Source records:
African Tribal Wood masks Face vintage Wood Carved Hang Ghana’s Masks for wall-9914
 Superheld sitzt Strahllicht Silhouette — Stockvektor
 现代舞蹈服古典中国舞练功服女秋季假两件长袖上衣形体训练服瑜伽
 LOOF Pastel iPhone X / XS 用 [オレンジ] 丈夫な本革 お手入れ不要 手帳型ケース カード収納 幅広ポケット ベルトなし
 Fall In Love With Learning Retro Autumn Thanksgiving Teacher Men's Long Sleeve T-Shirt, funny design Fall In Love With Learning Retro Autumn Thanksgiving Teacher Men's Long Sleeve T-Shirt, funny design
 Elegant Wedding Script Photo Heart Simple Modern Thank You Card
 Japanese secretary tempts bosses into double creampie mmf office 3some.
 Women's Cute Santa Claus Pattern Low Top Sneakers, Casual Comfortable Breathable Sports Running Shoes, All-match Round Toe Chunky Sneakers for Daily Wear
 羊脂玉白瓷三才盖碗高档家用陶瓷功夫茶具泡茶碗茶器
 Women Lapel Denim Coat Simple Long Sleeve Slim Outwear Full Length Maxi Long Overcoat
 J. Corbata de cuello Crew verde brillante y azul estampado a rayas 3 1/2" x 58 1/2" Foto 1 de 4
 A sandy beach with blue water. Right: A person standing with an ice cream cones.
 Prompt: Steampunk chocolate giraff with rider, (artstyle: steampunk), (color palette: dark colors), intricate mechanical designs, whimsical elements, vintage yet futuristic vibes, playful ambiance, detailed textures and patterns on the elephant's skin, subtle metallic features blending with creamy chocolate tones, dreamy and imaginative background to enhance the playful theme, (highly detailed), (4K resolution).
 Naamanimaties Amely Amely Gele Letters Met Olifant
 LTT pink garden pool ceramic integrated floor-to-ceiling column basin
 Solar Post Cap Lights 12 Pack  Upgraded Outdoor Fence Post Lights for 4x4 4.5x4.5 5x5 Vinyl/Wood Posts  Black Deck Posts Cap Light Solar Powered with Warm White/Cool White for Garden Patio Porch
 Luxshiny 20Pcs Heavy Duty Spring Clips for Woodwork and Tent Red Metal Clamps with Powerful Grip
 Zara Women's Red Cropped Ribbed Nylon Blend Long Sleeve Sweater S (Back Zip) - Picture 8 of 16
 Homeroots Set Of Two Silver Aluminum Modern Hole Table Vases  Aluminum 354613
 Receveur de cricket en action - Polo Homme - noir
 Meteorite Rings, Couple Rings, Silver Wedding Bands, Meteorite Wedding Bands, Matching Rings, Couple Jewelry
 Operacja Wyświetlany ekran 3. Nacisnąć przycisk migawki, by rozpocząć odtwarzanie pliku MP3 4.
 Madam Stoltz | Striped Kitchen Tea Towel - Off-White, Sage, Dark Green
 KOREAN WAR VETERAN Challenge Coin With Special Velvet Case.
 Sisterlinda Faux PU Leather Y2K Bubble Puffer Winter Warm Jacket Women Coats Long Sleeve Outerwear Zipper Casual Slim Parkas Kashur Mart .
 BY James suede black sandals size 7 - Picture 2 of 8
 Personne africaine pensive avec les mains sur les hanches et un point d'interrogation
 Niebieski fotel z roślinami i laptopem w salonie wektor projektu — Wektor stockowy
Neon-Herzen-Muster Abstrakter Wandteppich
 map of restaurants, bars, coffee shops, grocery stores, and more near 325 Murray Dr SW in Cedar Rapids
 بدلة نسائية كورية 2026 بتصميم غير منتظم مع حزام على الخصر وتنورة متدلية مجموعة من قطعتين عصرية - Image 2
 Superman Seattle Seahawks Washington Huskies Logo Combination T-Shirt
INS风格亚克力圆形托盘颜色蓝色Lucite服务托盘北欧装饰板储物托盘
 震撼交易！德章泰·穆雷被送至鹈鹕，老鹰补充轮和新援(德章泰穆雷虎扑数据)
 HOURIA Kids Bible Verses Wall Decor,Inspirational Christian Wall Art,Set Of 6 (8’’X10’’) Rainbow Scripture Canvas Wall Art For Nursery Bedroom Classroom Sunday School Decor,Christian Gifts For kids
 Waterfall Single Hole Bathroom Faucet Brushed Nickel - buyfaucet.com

• [REQUIREMENT] Your answer should be the exact lines above from the one with "Women's Cute Santa" through the one with "Receveur de cricket", both included, and nothing besides.

• [RESPONSE]
 Women's Cute Santa Claus Pattern Low Top Sneakers, Casual Comfortable Breathable Sports Running Shoes, All-match Round Toe Chunky Sneakers for Daily Wear
 羊脂玉白瓷三才盖碗高档家用陶瓷功夫茶具泡茶碗茶器
 Women Lapel Denim Coat Simple Long Sleeve Slim Outwear Full Length Maxi Long Overcoat
 J. Corbata de cuello Crew verde brillante y azul estampado a rayas 3 1/2" x 58 1/2" Foto 1 de 4
 A sandy beach with blue water. Right: A person standing with an ice cream cones.
 Prompt: Steampunk chocolate giraff with rider, (artstyle: steampunk), (color palette: dark colors), intricate mechanical designs, whimsical elements, vintage yet futuristic vibes, playful ambiance, detailed textures and patterns on the elephant's skin, subtle metallic features blending with creamy chocolate tones, dreamy and imaginative background to enhance the playful theme, (highly detailed), (4K resolution).
 Naamanimaties Amely Amely Gele Letters Met Olifant
 LTT pink garden pool ceramic integrated floor-to-ceiling column basin
 Solar Post Cap Lights 12 Pack  Upgraded Outdoor Fence Post Lights for 4x4 4.5x4.5 5x5 Vinyl/Wood Posts  Black Deck Posts Cap Light Solar Powered with Warm White/Cool White for Garden Patio Porch
 Luxshiny 20Pcs Heavy Duty Spring Clips for Woodwork and Tent Red Metal Clamps with Powerful Grip
 Zara Women's Red Cropped Ribbed Nylon Blend Long Sleeve Sweater S (Back Zip) - Picture 8 of 16
 Homeroots Set Of Two Silver Aluminum Modern Hole Table Vases  Aluminum 354613
 Receveur de cricket en action - Polo Homme - noir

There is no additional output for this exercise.